Two other groups associated with the victims and descendants neither objected nor approved.

Some who gathered near the southwestern Utah town of Enterprise this week say that some of the 120 or so victims were part Cherokee.

An incomplete forensic analysis of human remains accidentally unearthed here in 1999 revealed that some skulls had distinct features that could be traced to American Indians. A complete analysis could not be performed, however, because then-Gov. Mike Leavitt ordered the remains immediately reburied.

Given the implications of the date, Sept. 11, Williams urged participants to pray for the Mountain Meadows victims as well as those who perished in the 2001 terrorist attacks on the United States and those who have died in the war in Iraq.

The Mountain Meadows massacre, he said, was "the Cherokee 9-11."

Williams walked haltingly up a hill where a stone marker is engraved with the names of the Arkansans. He smoked a wooden pipe, prayed and offered tobacco, which he believes helps him communicate with the Creator.

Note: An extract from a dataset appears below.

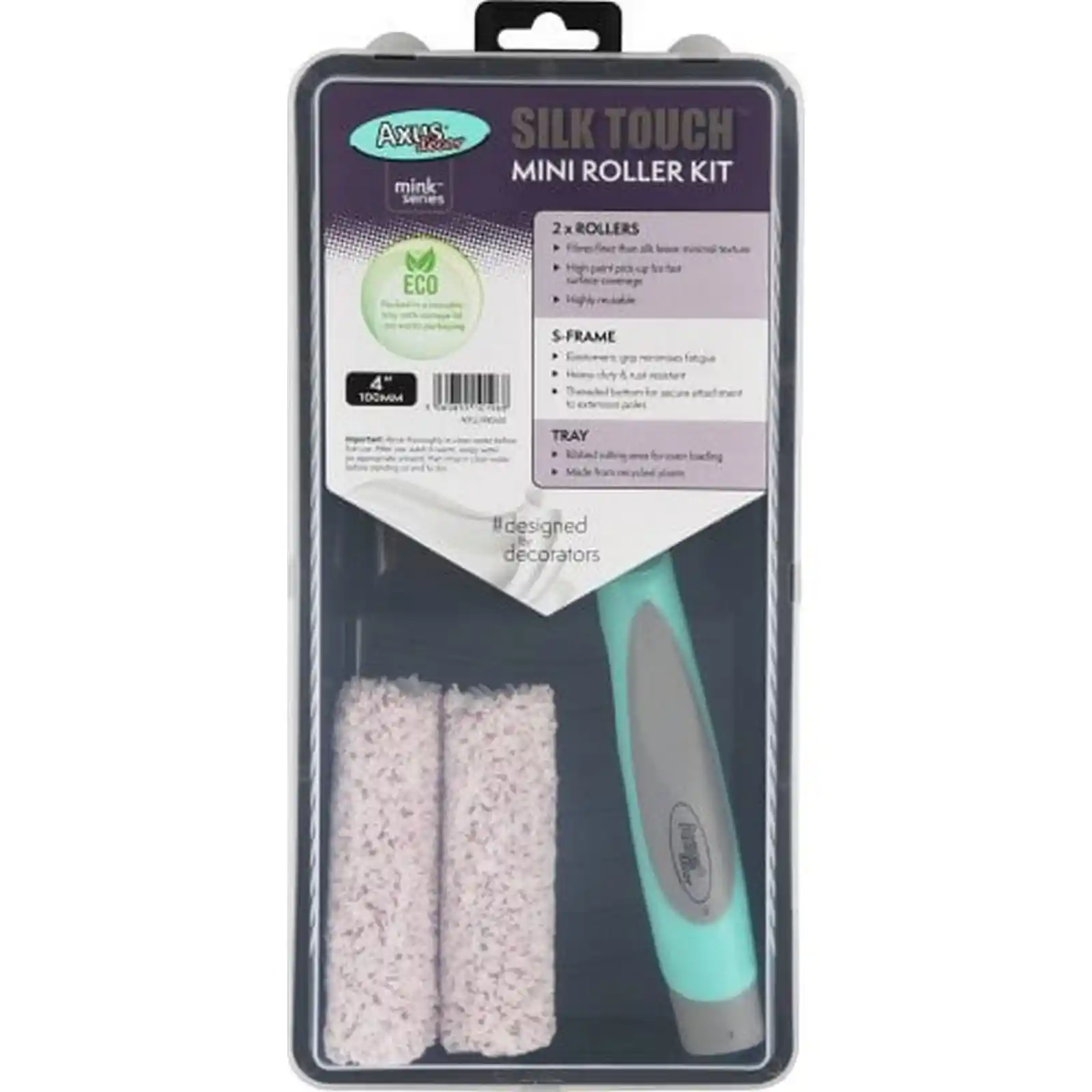 Accesorii si unelte de zugravit, gletuit - Set de rola trafalet Silk Touch (2 x rola, maner, tava, capac), 10 cm, Axus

Someone else offered a flute song. Another sang a hymn.

Spiritual leaders from other Utah tribes, including one from a Paiute band and Bob Taylor Sr., a Northern Ute spiritual leader who serves the Salt Lake Valley, also joined the ceremony.

"The people who were traveling here, this is where they reached the end of their journey," Taylor said in a prayer Friday evening. "We want no guilt, no blame. Those people are in the spirit world."

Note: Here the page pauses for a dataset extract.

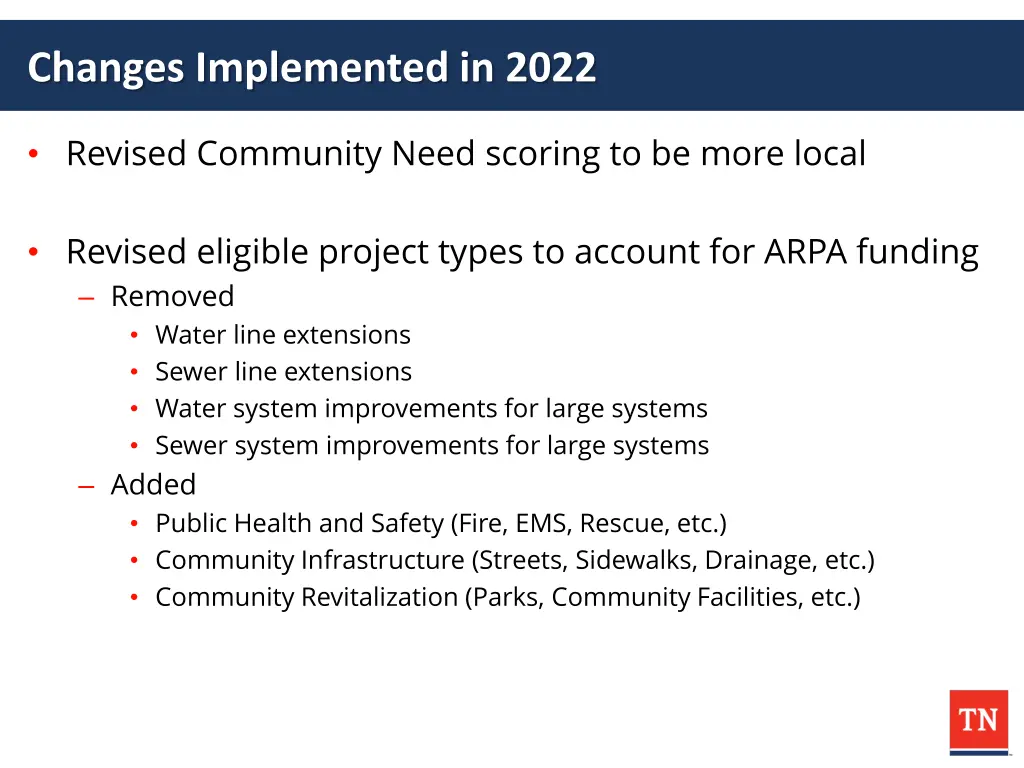 changes implemented in 2022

Vickey Varney, a descendant of John D. Lee, the only man convicted and executed for his role in the massacre, attended Saturday's ceremony. "I came out because this place needs to be healed," she said.

Her great-great grandfather didn't commit the massacre alone, she said, and the descendants of all those involved need to find a way to respect one another and their beliefs. "We could become one and help each other with our grief," she said.

Williams says the spirits of three entities, the Paiutes, the victims and the Mormons involved in the massacre, won't rest until the modern-day descendants of all those involved make peace.

"Until that happens, these spirits will be clashing heads," he said.

But Glen Barrus, also a Cherokee, said the event was not in vain.

"To do nothing is the worst thing we can do," he said. "We've accomplished something. It'll help."

No one wanted to upset the descendant groups, Barrus said.

But Lynn-Marie Fancher, secretary of the Mountain Meadows Association, said earlier that the Indian ceremonies would amount to desecration of her ancestors, none of whom were Cherokees.

Such disagreements worry Clint and Suzanne Lytle, who own the nearby Mountain Meadow Ranch and once cared for the scattered monuments in the area.

The Lytles said they wished the bucolic landscape they call home can one day be thought of as a place of peace. But it seems that every effort to bring closure creates another schism.

"You can heal in more than one way," said Suzanne Lytle, who attended the Friday ceremony with her husband and their two children. "I'm hoping something like this will let go of that spirit of contention, let it go, out of respect for those who died here."